Captioned web images
[Start of section]

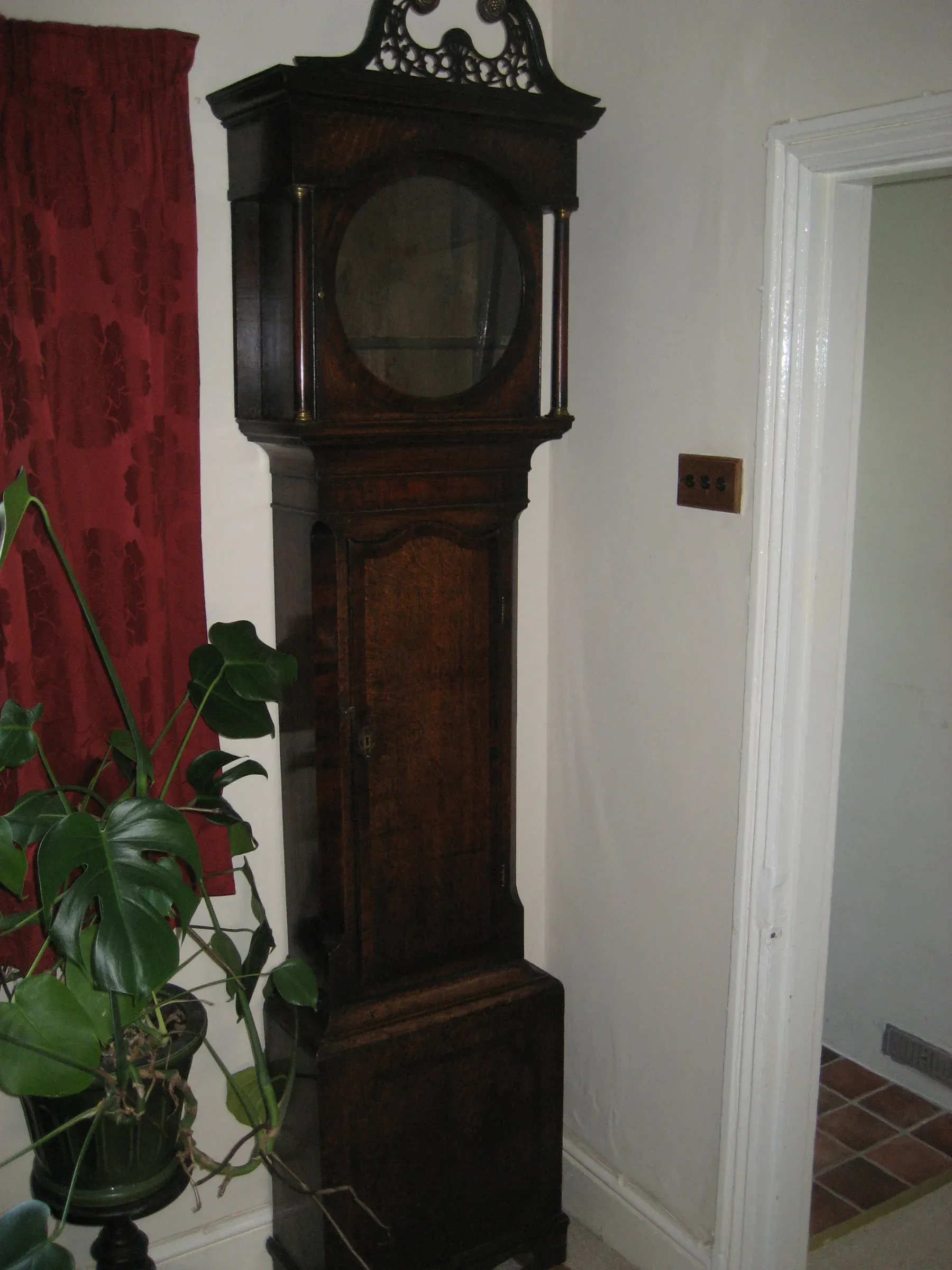 The hood after restoration - shown back on the trunk of the clock case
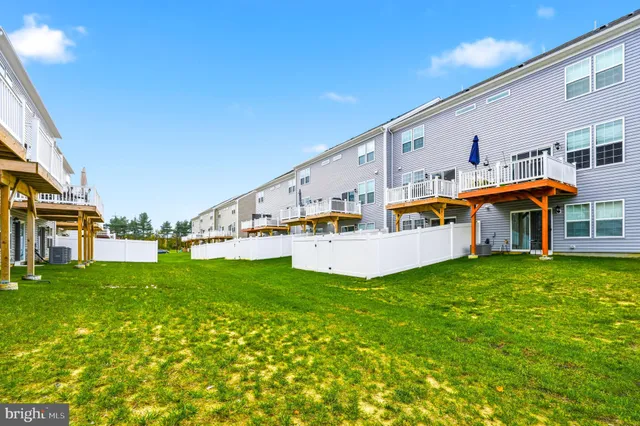 a view of a house with patio and a yard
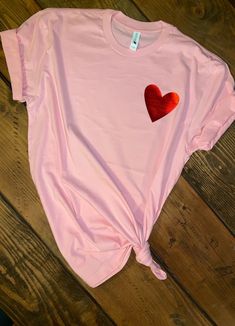 Simple and Subtle way to express your LOVE on Vday. Makes for great gift for her.. Moms, daughters, girlfriends or just yourself! Soft and comfy UNISEX T-shirt soft pink 50/50 cotton/poly 3.5x3.5 metallic red heart Available in infant, toddler, yths and adults sizes. Heat pressed with high quality siser htv and professional pressed. LAST DAY TO ORDER TO RECEIVE NORMAL MAIL IS 2/10/19. Vday Gift Ideas, Womens Valentine Shirts, Heart Tshirt, Vday Gifts, Football Mom Shirts, Valentines Day Shirt, Valentine Shirt, Pink Valentines, Valentine's Day Outfit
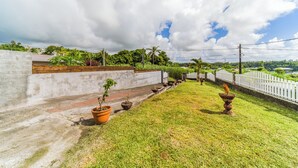 A garden with potted plants, a white fence, and a concrete wall.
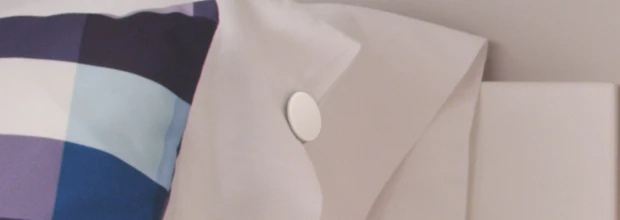 A button-like device called the Sleep Pill is attached to your pillow and uses a 6-axis accelerometer and gyroscope to monitor movement during the night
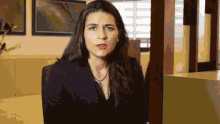 Girl In Corporate Suit Making Faces GIF - Girl In Corporate Suit Making Faces Boo GIFs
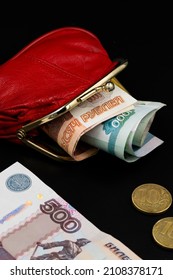 Banknotes And Coins Of The Russian Federation Rubles And Kopecks Are Scattered From A Red Wallet On A Black Background. Inflation Concept - Money Doesn't Fit In Wallet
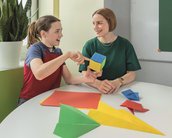 Eine Lehrerin und ein Schüler sitzen an einem Tisch und diskutieren über bunte Papierformen, während sie eine geometrische Figur halten.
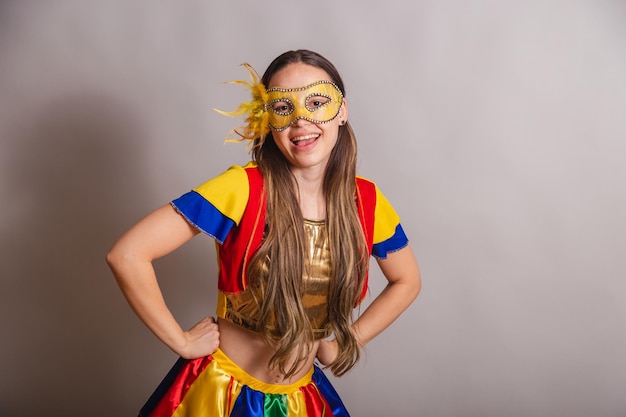 Beautiful brazilian caucasian woman wearing frevo carnival\
clothes wearing a mask hands on hips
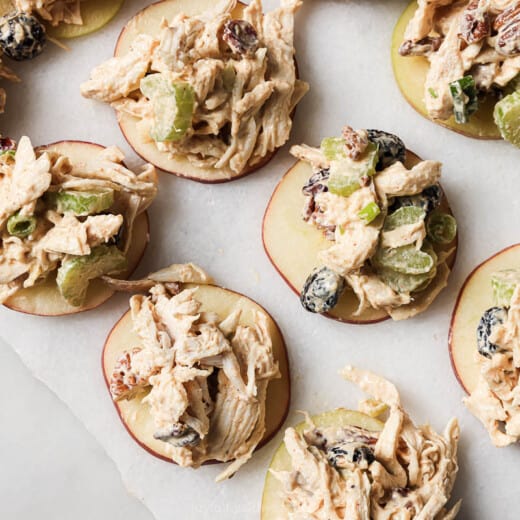 Landscape photo of cranberry chicken salad on apple slices.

[End of section]

Your answer must be the exact lines of the records from the first one through the line containing "a view of a house with patio and a yard", with no pictures in it.

Your solution.
 The hood after restoration - shown back on the trunk of the clock case
 a view of a house with patio and a yard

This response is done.